**Instructions for the task:**
If an entry below contains an image, drop the image and retype the rest exactly.

** Opening Available data block **

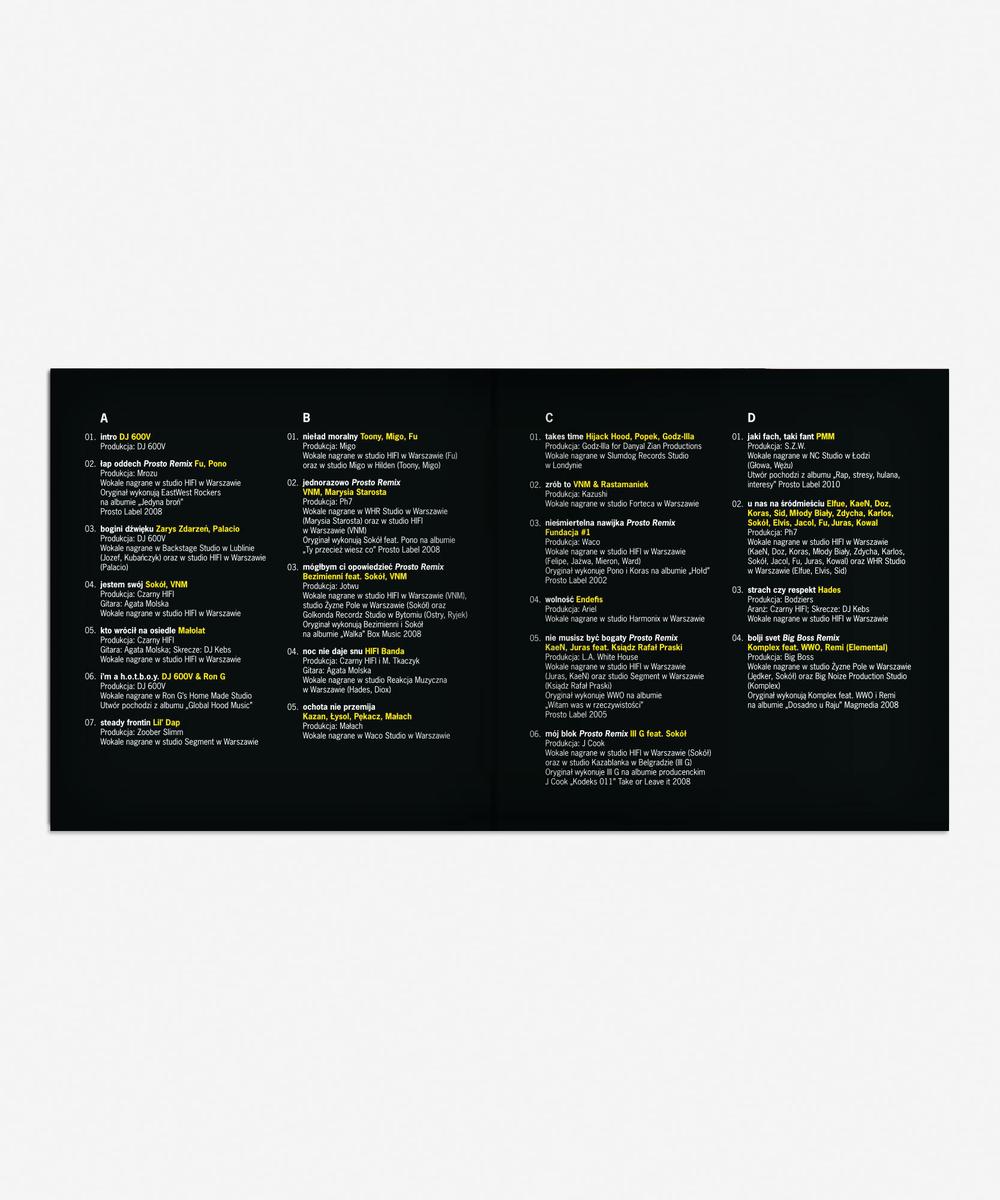 Prosto Mixtape 600V (Winyl)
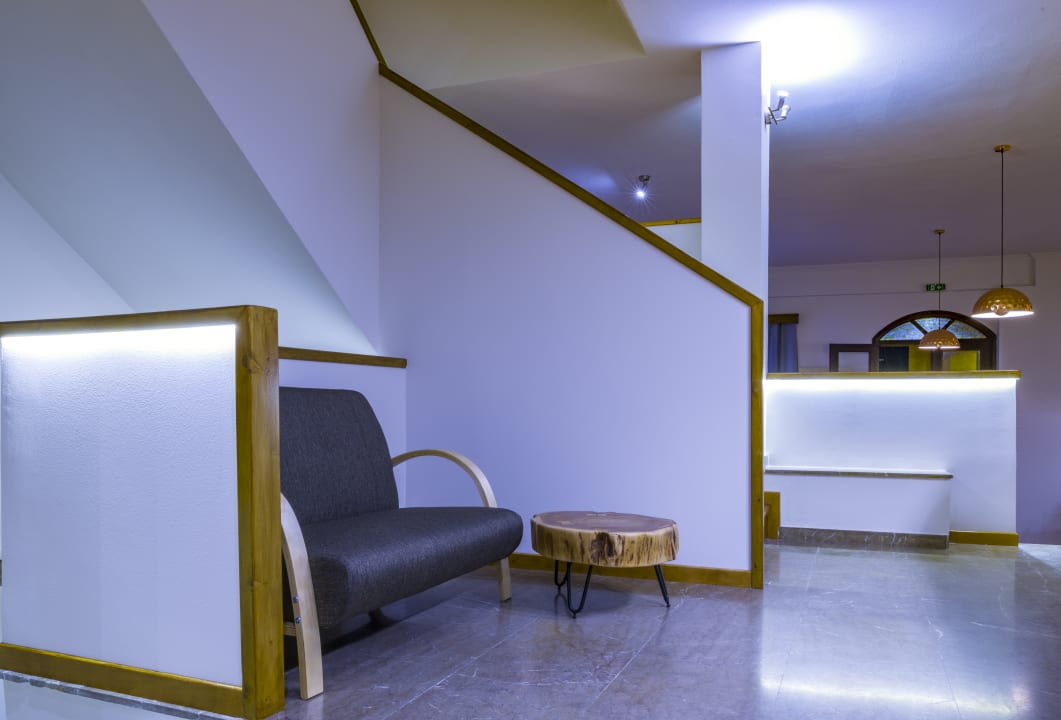 Lobby Hotel Polyxeni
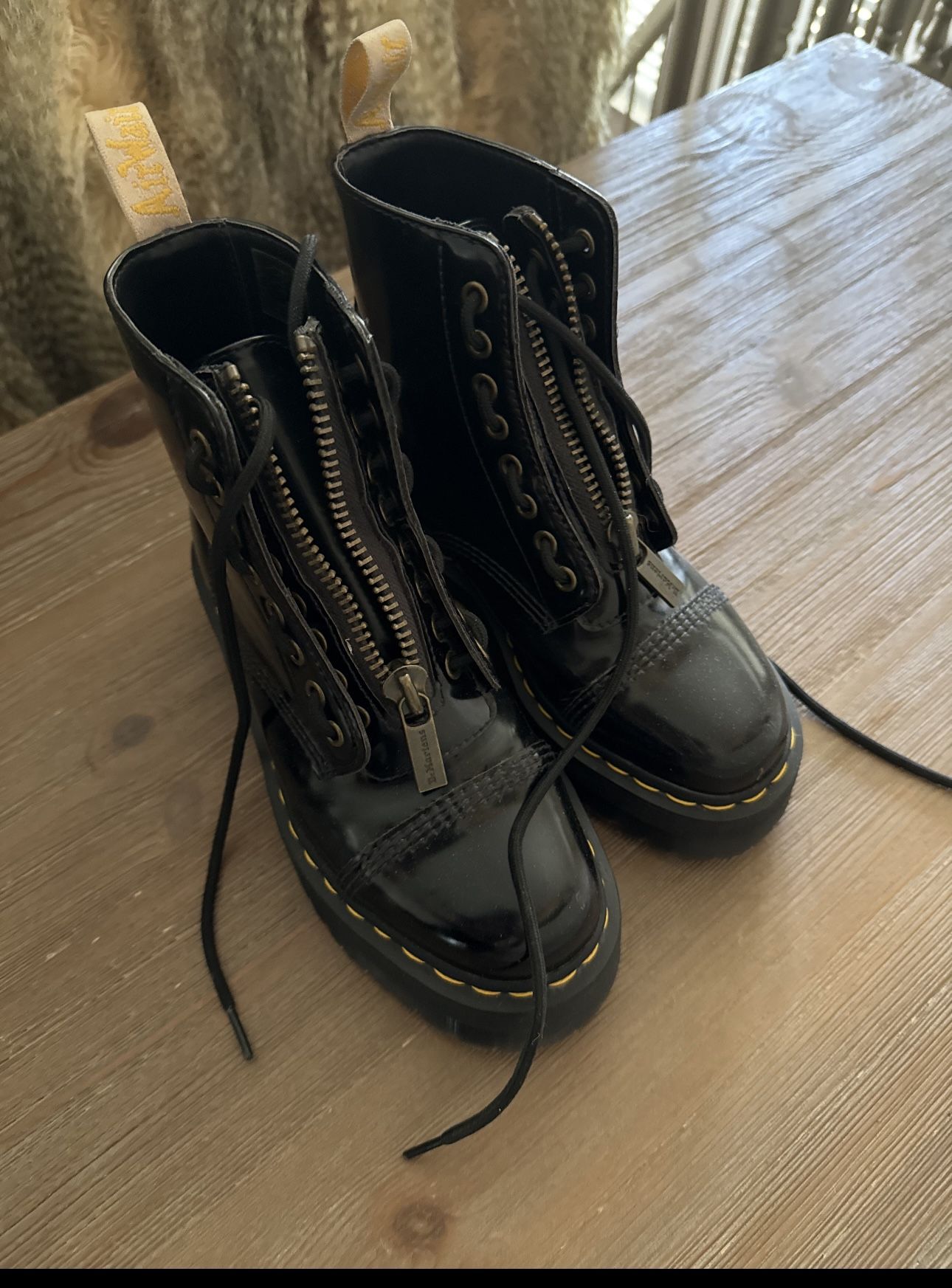 Dr. Martin’s Boots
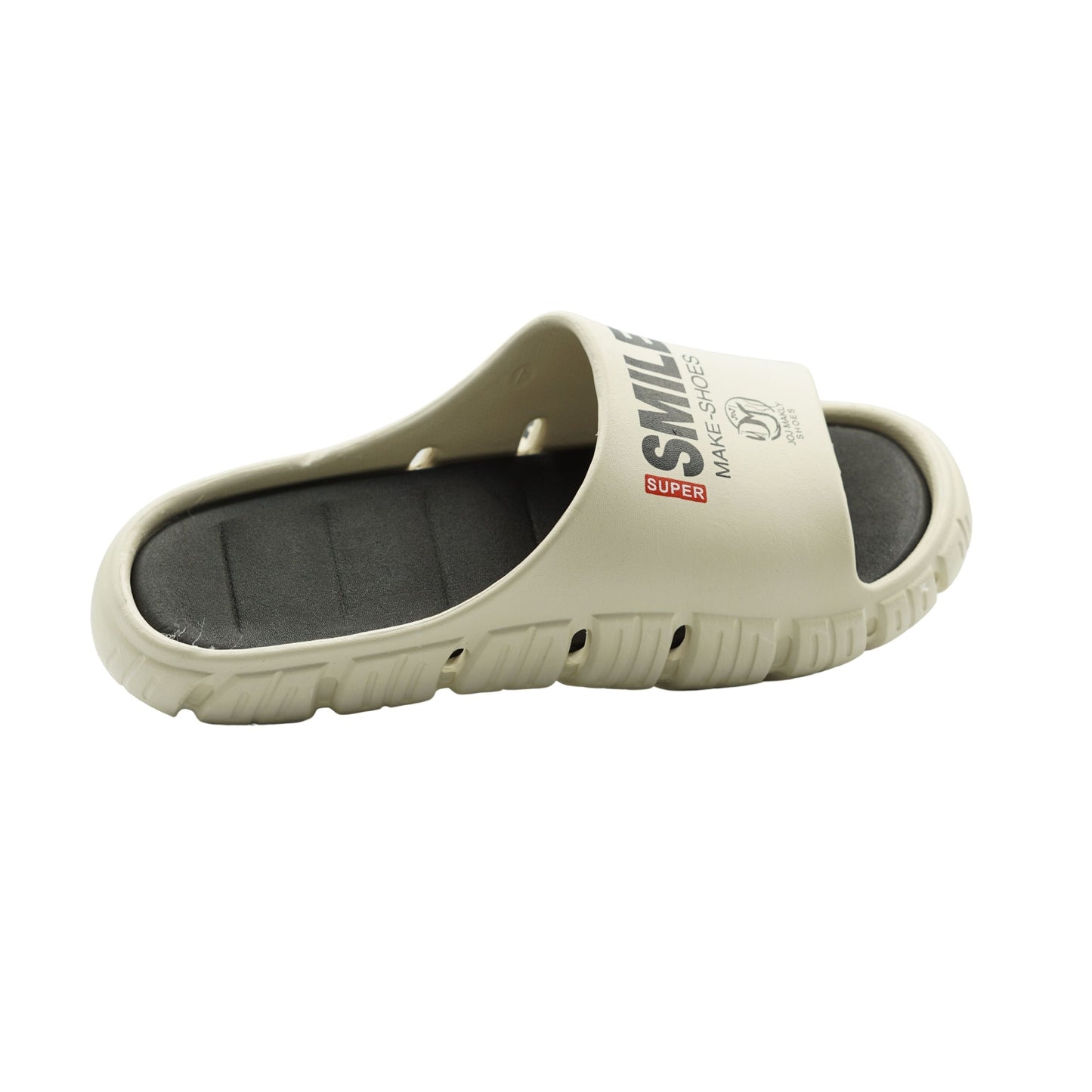 1298 Men’s Slipper with Arch Support Plantar Fasciitis Relief Sandals—Breathable Outdoor Walking Slides with Cushioned Insole | Anti-Slip Sole | Hook-and-Loop Strap | Casual Open-Toe Sandals for Summer & Daily Wear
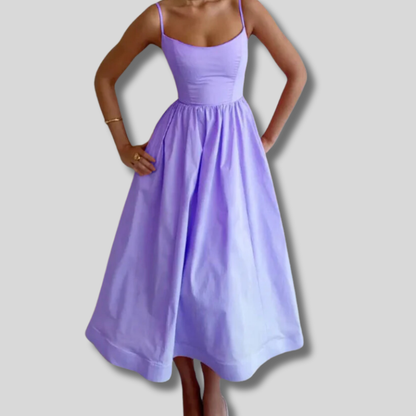 Tabitha - Chic Sleeveless Maxi Dress for Effortless Elegance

** Closing Available data block **

**Reply to the task:**
 Prosto Mixtape 600V (Winyl)
 Lobby Hotel Polyxeni
 Dr. Martin’s Boots
 1298 Men’s Slipper with Arch Support Plantar Fasciitis Relief Sandals—Breathable Outdoor Walking Slides with Cushioned Insole | Anti-Slip Sole | Hook-and-Loop Strap | Casual Open-Toe Sandals for Summer & Daily Wear
 Tabitha - Chic Sleeveless Maxi Dress for Effortless Elegance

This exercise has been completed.